Sur le papier, on ne sait plus laquelle des recettes de Grace de Monaco semble la plus évidente, la plus frappée au coin du bon sens. Plus encore que l’équation Cannes + Nicole Kidman, c’est peut-être l’alliance d’une des plus grandes actrices hollywoodiennes et du retour au biopic de l’auteur du méga-populaire La Môme autour du destin doré d’une princesse, qui semble à l’avance pétiller et mettre l’eau à la bouche comme un champagne de luxe. Quel grain de sable venu se glisser dans cette recette magique fait que cette Grace là a plutôt le goût d’un mousseux éventé ? Pas Nicole en tout cas, car si le rôle n’apporte rien de neuf à sa carrière et son incroyable éventail de jeu, c’est encore elle qui s’en sort le mieux ici. Il faut dire que face à un Tim Roth qui joue toutes ses scènes de la même manière (œil plissé si mystérieux), une Parker Posey qui joue les intrigantes de pacotille ou Frank Langella déguisé en Don Patillo, ce n’est pas très surprenant.

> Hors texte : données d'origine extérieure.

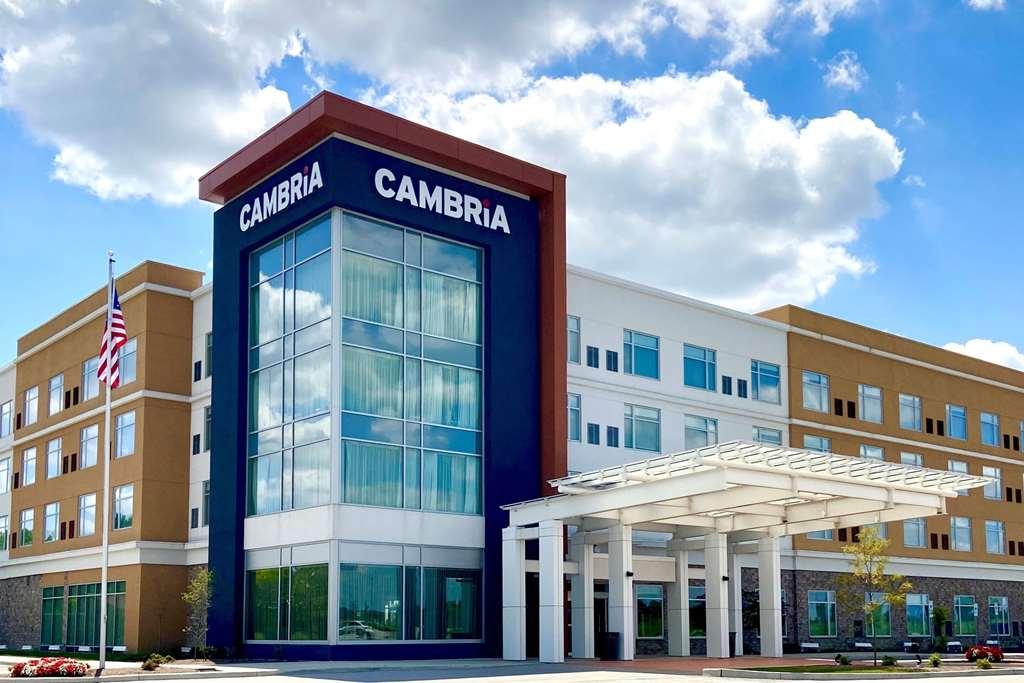Готель Wyndham Westfield Екстер'єр фото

La faute avant tout à un scénario superficiel, où chaque dialogue se doit d’être explicatif, où chaque personnage semble arriver dans une scène en déclamant sa note d’intention intérieure, et où surtout l’intrigue politique est grotesquement simplifiée. Grace de Monaco n’atteint pas les sommets de révisionnisme de La Dame de fer, mais ce spleen de princesse dans sa cage dorée rappelle beaucoup moins Marie-Antoinette, qu’Evita (le kouglof musical avec Madonna) par sa manière d’amalgamer pirouettes amoureuses et géopolitique sans habileté. D’ailleurs tout le monde ici pourrait aussi se mettre à chanter que cela ne ferait pas beaucoup de différence, tant tout parait toc et arbitraire, tant le film ne donne jamais l’impression de voir autre chose que des acteurs faire des essayages costumes plutôt que d’incarner des personnages.

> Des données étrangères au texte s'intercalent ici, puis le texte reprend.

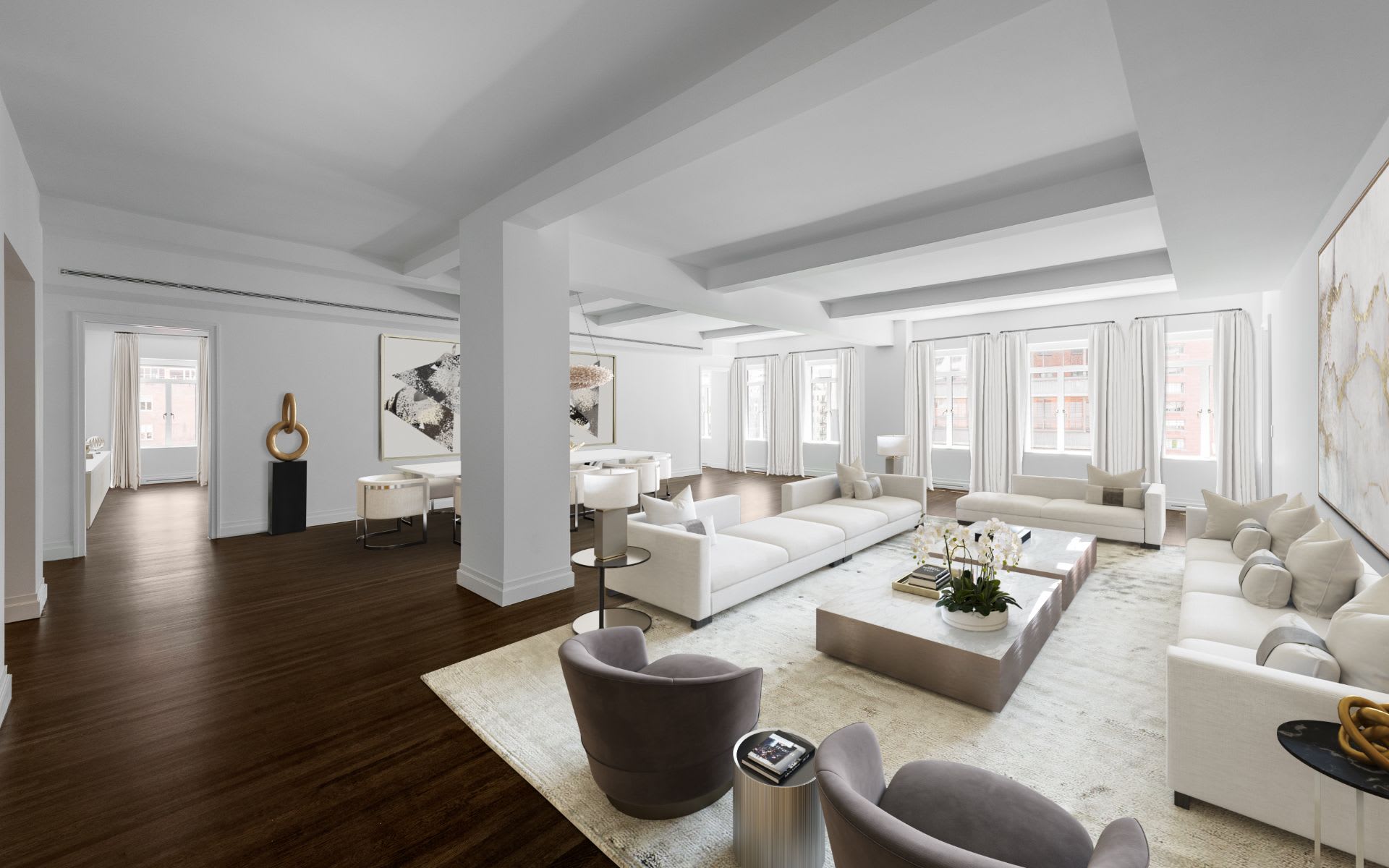737 PARK Avenue Unit: 12E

Mais Grace Kelly n’est pas Eva Peron, du moins pas selon le point de vue de Dahan. Devant sa caméra, la star devenue princesse devient un personnage scandaleusement lisse et fade, qui n’a plus rien de subversif. Le boycott du film, réclamé par le Rocher au nom du respect et du droit à la dignité, apparaît comme un coup d’épée dans l’eau car il n’y a strictement aucune allusion ici aux pourtant célèbres frasque sexuelles de la princesse. N’importe quelle photo de Charlene Wittstock, la nouvelle princesse de Monaco qui a toujours l’air au bord de la dépression depuis son mariage, fait en soi plus de mal à l’image de la famille royale. Grace est ici au contraire héroïsée, béatifiée jusqu’à en devenir béate. Incapable de faire autre chose que tergiverser. Une image confirmée par une mise en scène qui empêche chacun des personnages de prendre son souffle et d’exister, les enfermant dans des postures artificielles, les réduisant à des reproductions pour papier glacé.

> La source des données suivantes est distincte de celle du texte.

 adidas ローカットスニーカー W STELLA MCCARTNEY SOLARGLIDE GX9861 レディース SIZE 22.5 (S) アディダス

Et pourtant Grace de Monaco n’est pas La Môme 2. D’abord parce que Nicole Kidman a un jeu plus en retenue que Marion Cotillard (que les mimiques et le maquillage faisait parfois virer au grotesque), et que le personnage se prête moins aux épanchements, mais surtout parce que le rouleau-compresseur mélodramatique laisse ici place à un ensemble resserré, digeste, et facile à regarder au point d’en devenir superficiel. Les images de Dahan sont illustratives avant tout, et restent vaines à tel point qu’on ne voit pas toujours la différence en terme de mise en scène entre ce que l’on voit et l’ancienne pub Schweppes de Nicole. Avec ses tons perpétuellement dorés, sa facilité de chaque instant, l’opulence des décors, des robes et des chignons, Grace de Monaco ressemble à ces publicités pour Ferrero Rocher. Ou plutôt, le film ressemble lui-même à un Ferrero Rocher : pas désagréable du tout à première vue, mais finalement trop sucré et trop léger, une pépite dorée qui cache beaucoup d’air à l’intérieur.